Un solo colpo mortale. Così è terminata la vita di Maria Corazza, la 45enne di Pomezia trovata carbonizzata nell'auto intestata a sua madre insieme a Domenico Raco, l'uomo che l'ha uccisa.

Le autopsie sui due corpi bruciati sono terminate e l'analisi su quello della donna ha confermato quanto emerso durante l'esame esterno: Maria Corazza ha un'unica ferita, letale, all'altezza del cuore. Nei suoi polmoni, infatti, non c'è traccia di fumo, dunque è morta prima dell'incendio.

Stroncato dall'asfissia e dalle fiamme che lui stesso ha appiccato è stato invece Domenico Raco, l'uomo che ha prima ucciso l'amica e poi si è tolto la vita.

Il movente, dunque, sembra quello passionale: al momento, non si esclude che l'uomo abbia deciso di aggredire la donna per un rifiuto nei suoi confronti, oppure per altri motivi al vaglio degli inquirenti. 

Avrebbe preso un coltello e sferrato un fendente all'addome di lei. Poi avrebbe preso olio e benzina e avrebbe acceso l'incendio per porre fine anche alla sua vita all'interno della Ford Fiesta.
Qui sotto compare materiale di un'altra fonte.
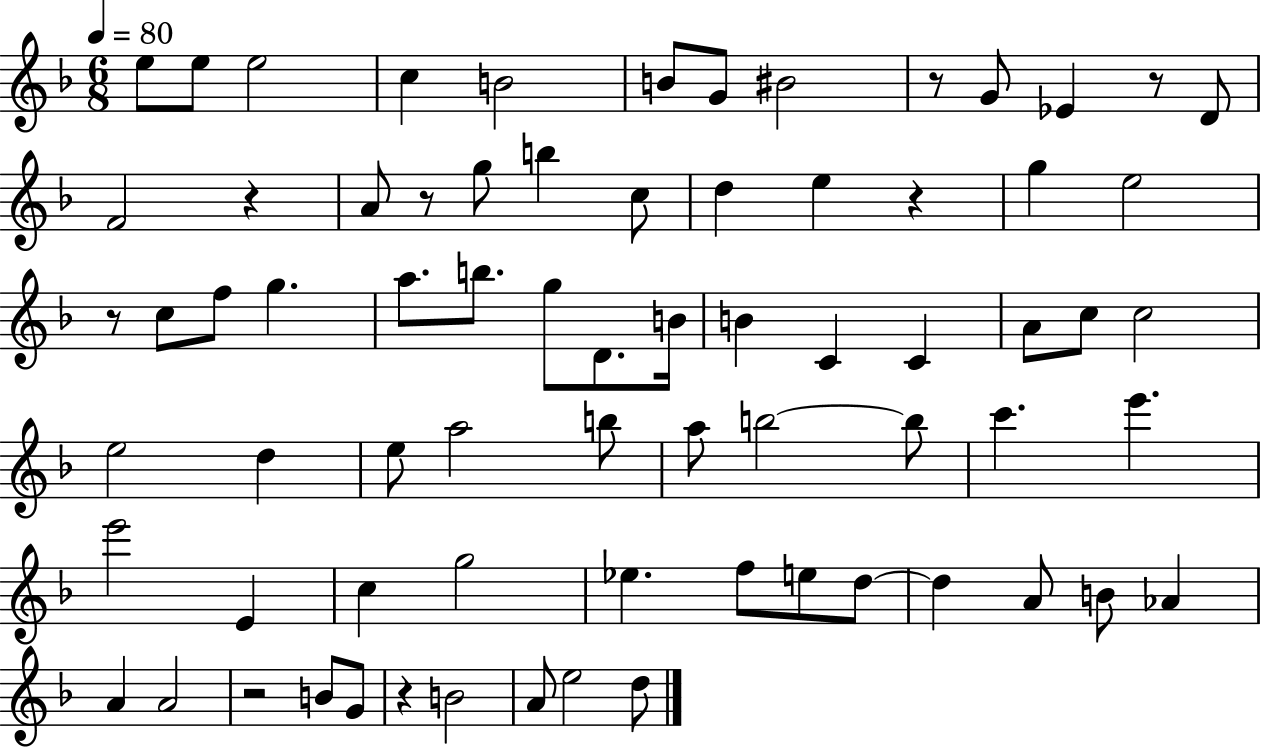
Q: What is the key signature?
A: F major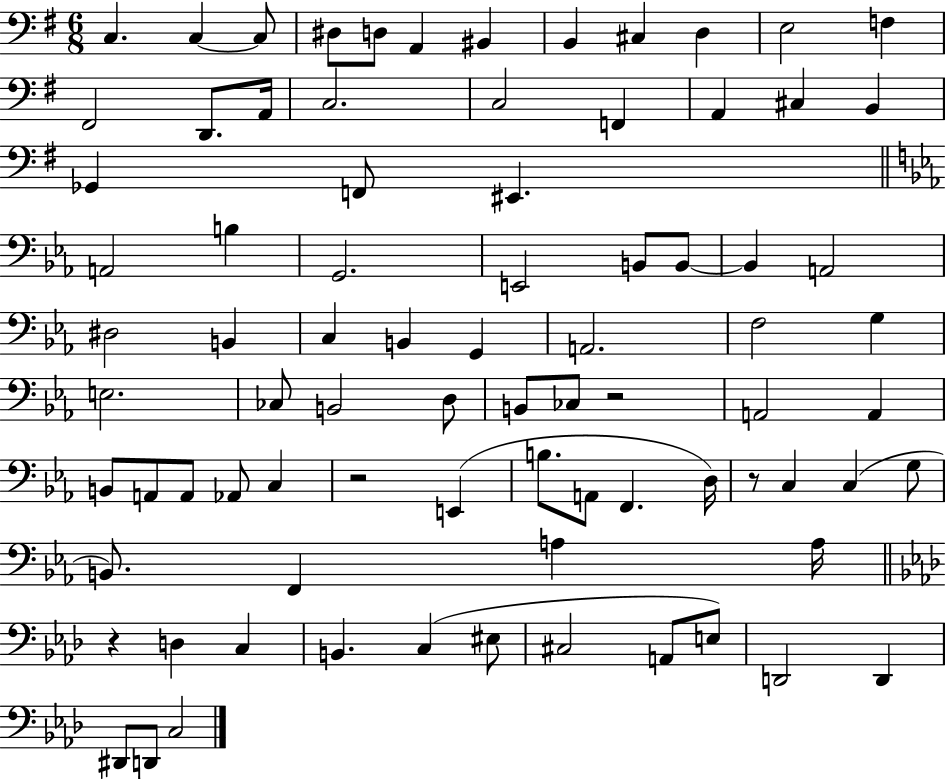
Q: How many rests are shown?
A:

Sono queste le prime indiscrezioni emerse al termine della prima giornata dedicata all'autopsia sui corpi di Maria Corazza e Domenico Raco, i due amici trovati carbonizzati all'interno dell'auto bruciata in via San Pancrazio, a Torvajanica, il 14 giugno 2019.

In particolare, l'equipe guidata dal medico legale di Tor Vergata ha esaminato esternamente entrambi i corpi, iniziando l'autopsia solo su quello dell'uomo e rinviando la conclusione di questo esame e l'avvio di quello sul cadavere della donna a lunedì 24 giugno 2019.

Al momento, sul corpo di Raco non sono emerse lesioni compatibili con ferite da arma da fuoco o da taglio: nei polmoni, però, ci sarebbero tracce di molto fumo.

Sul corpo della donna - ma dovrà essere l'autopsia a confermarlo - sarebbe emersa una ferita da taglio, presumibilmente letale.

Un quadro indiziario, questo, che avvalorerebbe l'ipotesi dell'omicidio-suicidio.